Oracle Performance Dashboard (OPD) is a small ASP.NET website that shows you performance & problems of one or more Oracle instances in near real-time. It uses the Dynamic Performance Views (DPV) and runs some popular DBA scripts in order to get meaningful, easy to understand information out of the server. You can use it to quickly spot blocking queries, who is blocking who, expensive query that are consuming high CPU or disk, see if there's unusual locks, very high disk activity and so on.
Demo
You can see a live demo of this from here:
http://odp.omaralzabir.com
Get the code
The binaries are here, which you can just extract into an IIS folder, put the connection strings in the web.config file, and you are ready to roll.

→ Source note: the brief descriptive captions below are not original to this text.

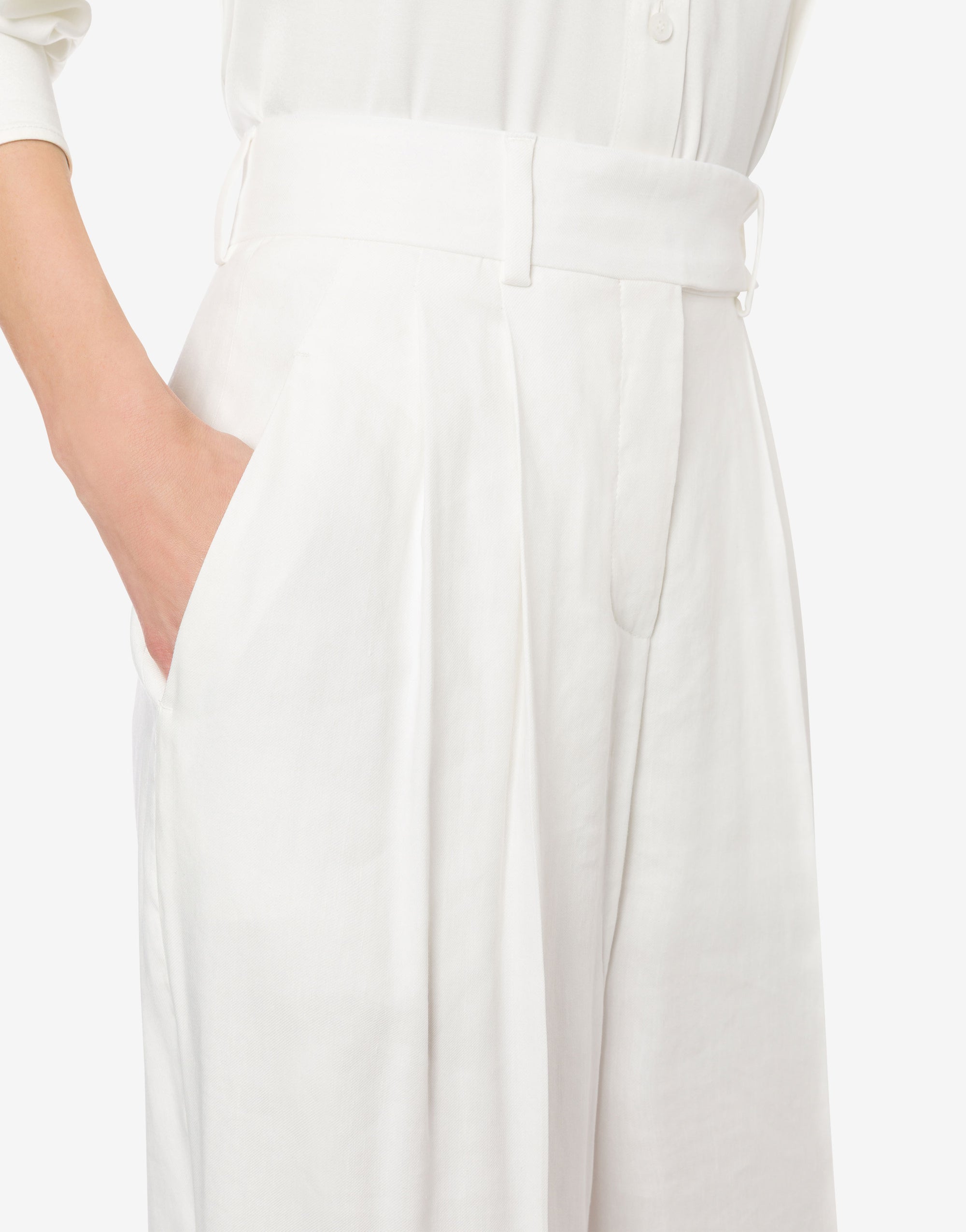 Pantalon à plis en lin extensible - Ivory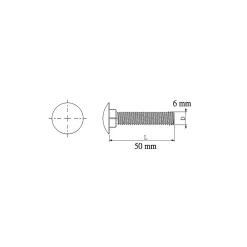 Diall Boulon-10 boulons tête ronde collet carré 6 x 50 mm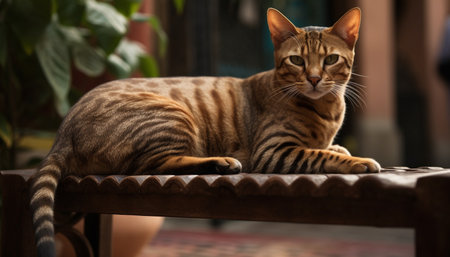 Playful striped kitten staring at camera with yellow eyes outdoors generated by artificial intelligenceの素材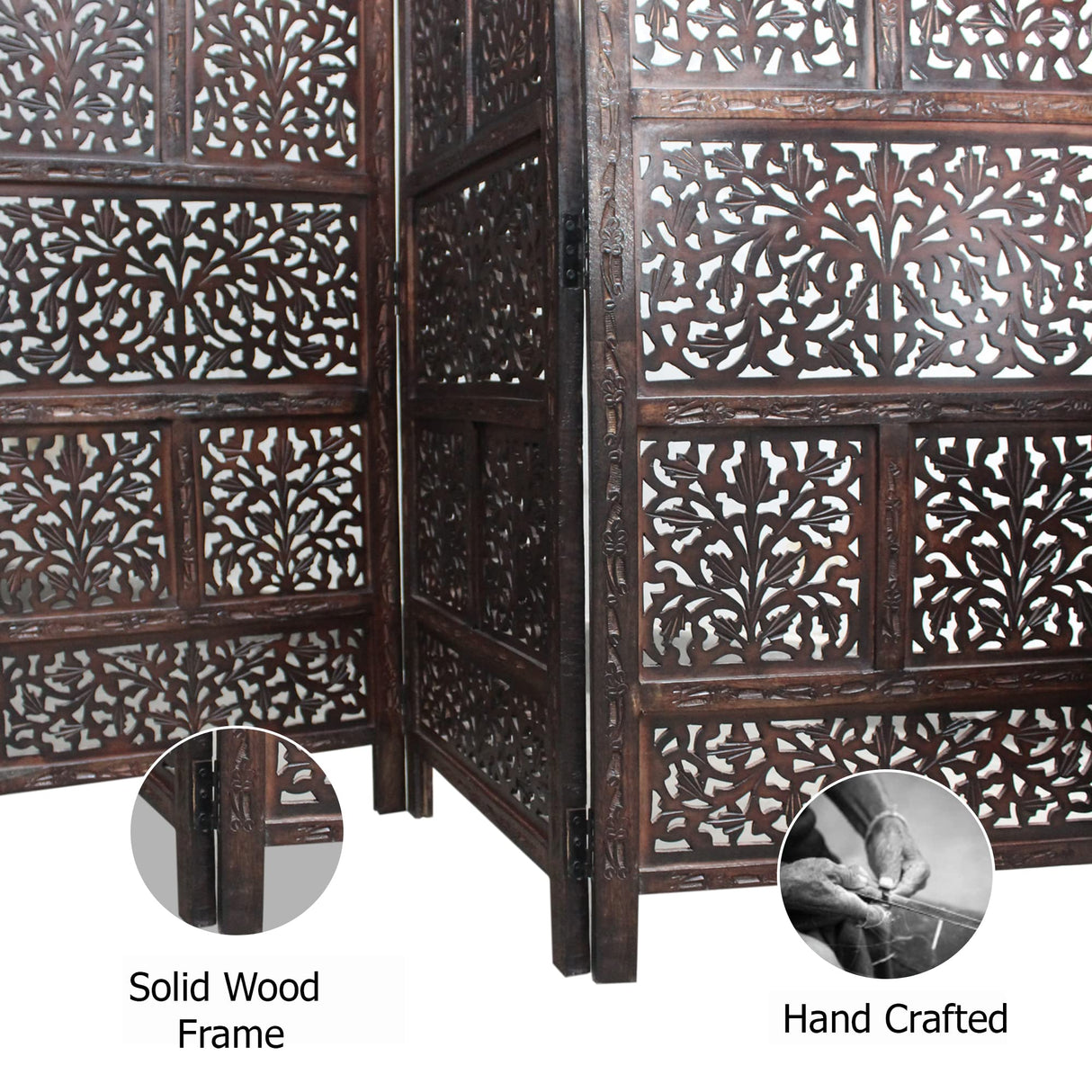 Room Divider Wood Screen - Mahanadi Antique Brown - 4 Panel Folding 72x80 - Wooden Hand Carved Screen Decorative Functional Versatile - Small Spaces Reversible Privacy Partition - COTTON CRAFT COTTON CRAFT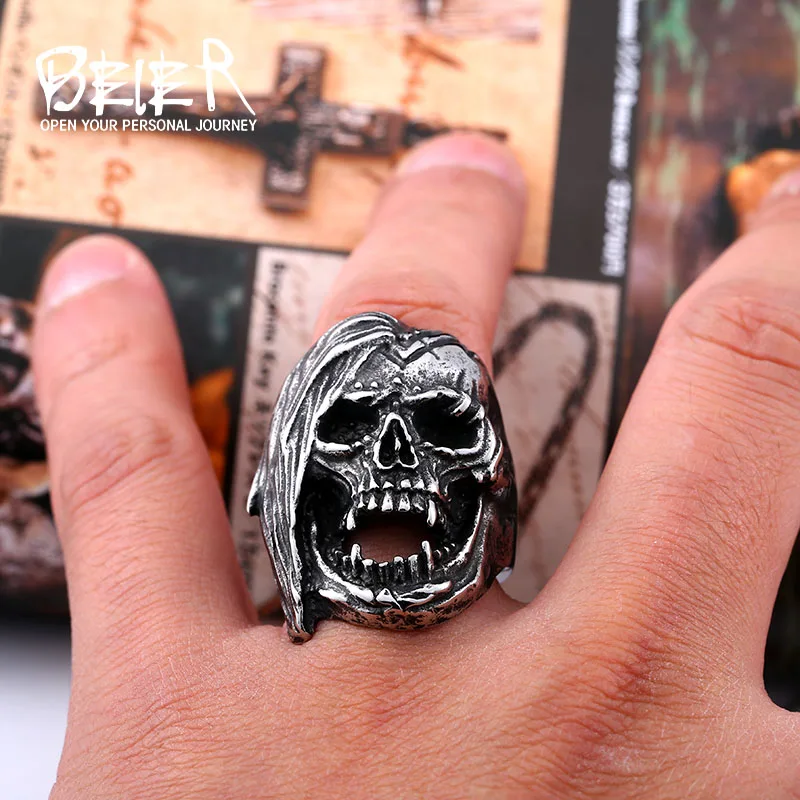 Beier new store 316L Stainless Steel Skull Ring For Men top quality Vintage Exaggerated fashion Jewelry LLBR8-396R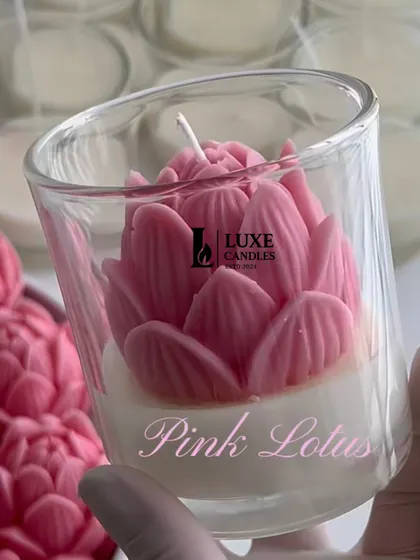 A close-up of the Lotus in a Jar candle, highlighting the detailed craftsmanship of the lotus flower.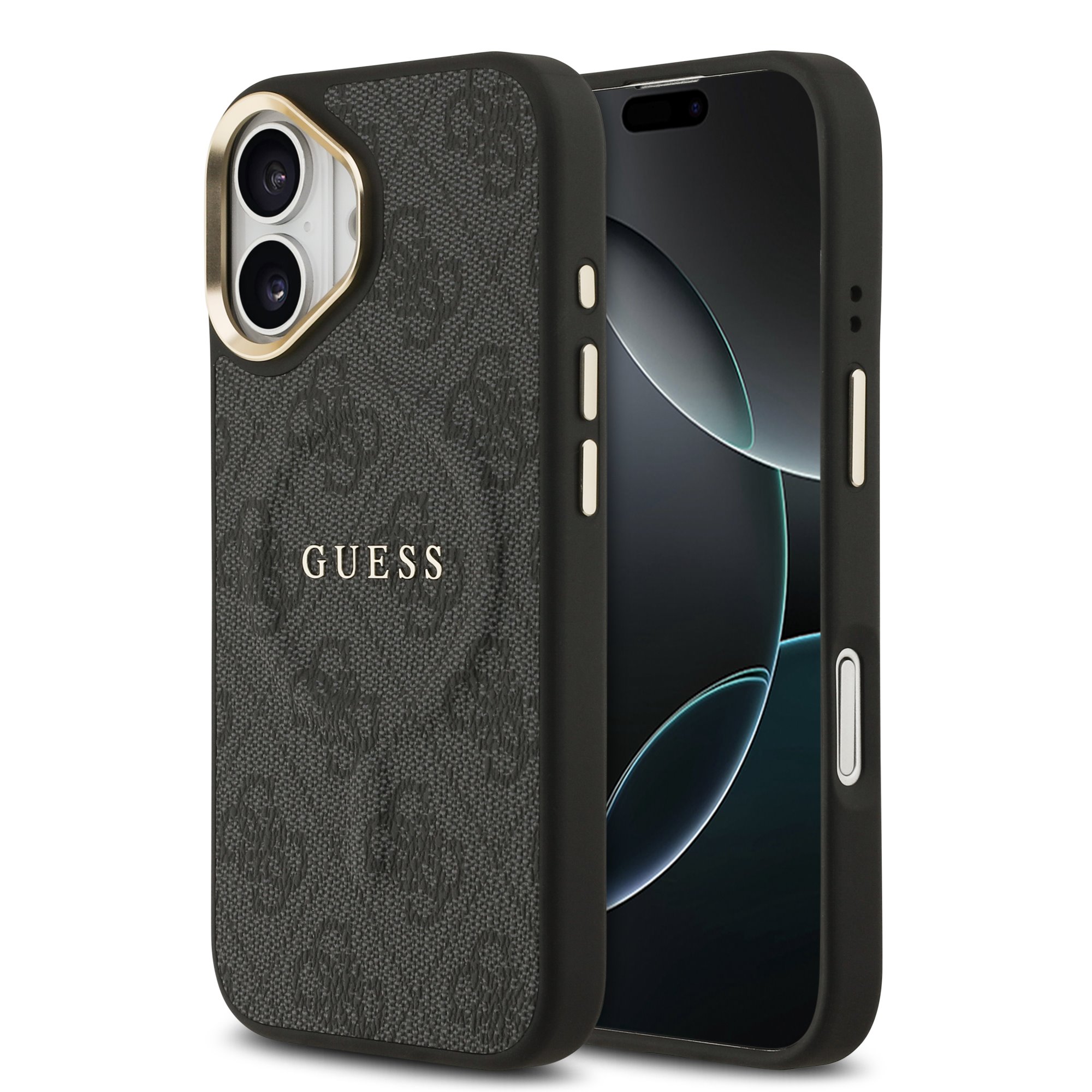 GUESS Калъф Apple iPhone 17, PU Leather 4G Gold Frame MagSafe, черен - GUHMP17SP4MSEGCK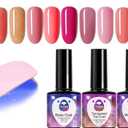 OUL'ISI 14pcs Gel Nail Polish Kit, Popular Bright Nail Art Solid Sparkle Glitters Colors Manicure with UV LED Nail Lamp, Base Coat Top Coat and Matte Coat Home DIY Nail Art Design (Girlhood)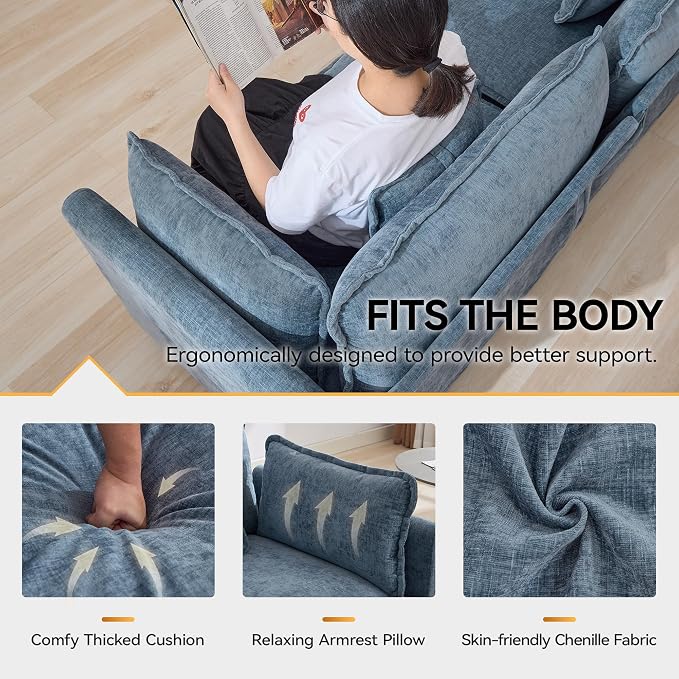 147'' Oversized U Shaped Cloud Sectional Sofa, Chenille Deep Seat Couches - Image 4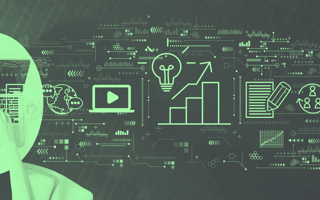 B2B marketing, person working on laptop, with digital marketing symbols in the background.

No need to install any Oracle client software on the server.
GitHub Project Binaries
You can get the source code from the GitHub project site:
https://github.com/oazabir/OraclePerformanceDashboard
Why not use OEM
OEM is pretty good, no doubt. But what I need is something that runs complex DBA scripts, processes the output and tells me what is wrong exactly. On standard monitoring tools like OEM, you get to see the key performance indicators and sometimes some generic alerts, but a much more powerful way to investigate problems in the server is to run those DBA scripts that you find in Oracle Performance Tuning books and blogs, that really get into the heart of the problem and shows you where things are going wrong. There are many powerful scripts available on the books, forums, blogs that are quite handy to detect issues on the server, gather relevant useful information about your database health. This tool tries to give those powerful scripts a nice front-end and easy to discover clues for those, who aren't professional Oracle DBAs like me.
Feature walkthrough
OPD comes with the following features in V1:
- Summary of all your instances in one screen, showing important indicators on each instance. Quick way to check if all your databases are doing fine or not.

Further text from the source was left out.